I walked into my appointment, got given mad drugs to knock me out and the docs did their thing. When I woke up my first memory is being told that they couldn’t reach where they wanted to so I would have to go for a different type of scan.
I recuperated for the rest of the day and then found out that night that I needed to go for a PET scan. That’s Positron Emission Tomography to those in the know. Basically, they inject you with a sugary radioactive dye that sticks to the outside of very active tissues, like tumours. After you are injected they isolate you for 45 minutes as you are radioactive during this time. No glowing or She-Hulk transformations, sorry folks. Then you lie back on the PET scan machine and they take lots of photos of your (hopefully not) glowing insides. I found the PET scan experience very relaxing. Hello, being locked in a room with a book for 45 minutes and then taking a nap with a warm blanket on you – not too shabby if you ask me. I actually fell asleep on the PET scan table!Waiting to hear back from my specialist on Friday was one of the most anxiety-inducing times in my life. When he did call I found out that my anxiety and fear could get much worse. Not only did the lesion in my small intestine show up but so did the lymph node next to it and two spots in my liver.
So yeah, tumours.
So that’s why I’ve been a little absent from the blog the last few months. We have been shuttled from doctor to doctor, and trying to enjoy life at the same time. Chris has been my rock, my constant companion and steadiest support. My family, Chris’s family, and our wonderful friends have all reached out and offered support and love. We are so fortunate to be surrounded by love and many caring hands.
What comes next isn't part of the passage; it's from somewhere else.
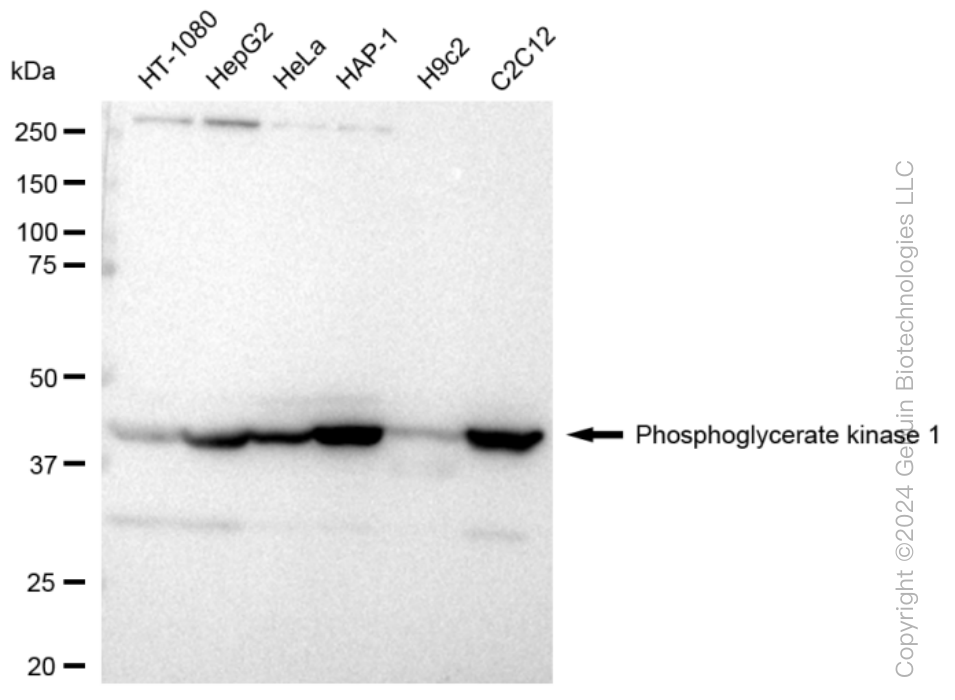 KD-Validated Anti-Phosphoglycerate kinase 1 Rabbit Monoclonal Antibody ABG1266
On Tuesday I went to meet another doctor who specialises in disorders of the gastrointestinal tract. He’s awesome and a ginger too, so you just know he is going to be awesome 😉 Yesterday I went off for a liver biopsy and tomorrow I’m scheduled for another MRI, and then a meeting with a medical oncologist and then probably surgery. I’ll let you know more in Part Two next week.
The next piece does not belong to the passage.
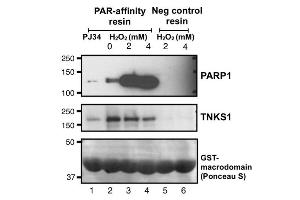 Western blot of Poly-ADP-ribosylated PARP1 and TNKS1 in MDCK cells using PAR-affinity resins.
As for now things are looking up! My surgeon seems confident that he can remove the cancer via surgery and that will be the end of my treatment path! So for today I’m snuggled in bed with Penny recovering from my biopsy, reading fairytales, and taking naps. Chris and I are treating all of this like an adventure, so no sadness or morose quotes allowed. Chris and I decided on a mantra at the beginning of this journey. No matter what comes, we’ll figure it out. We will figure it out. Talk to you soon friends!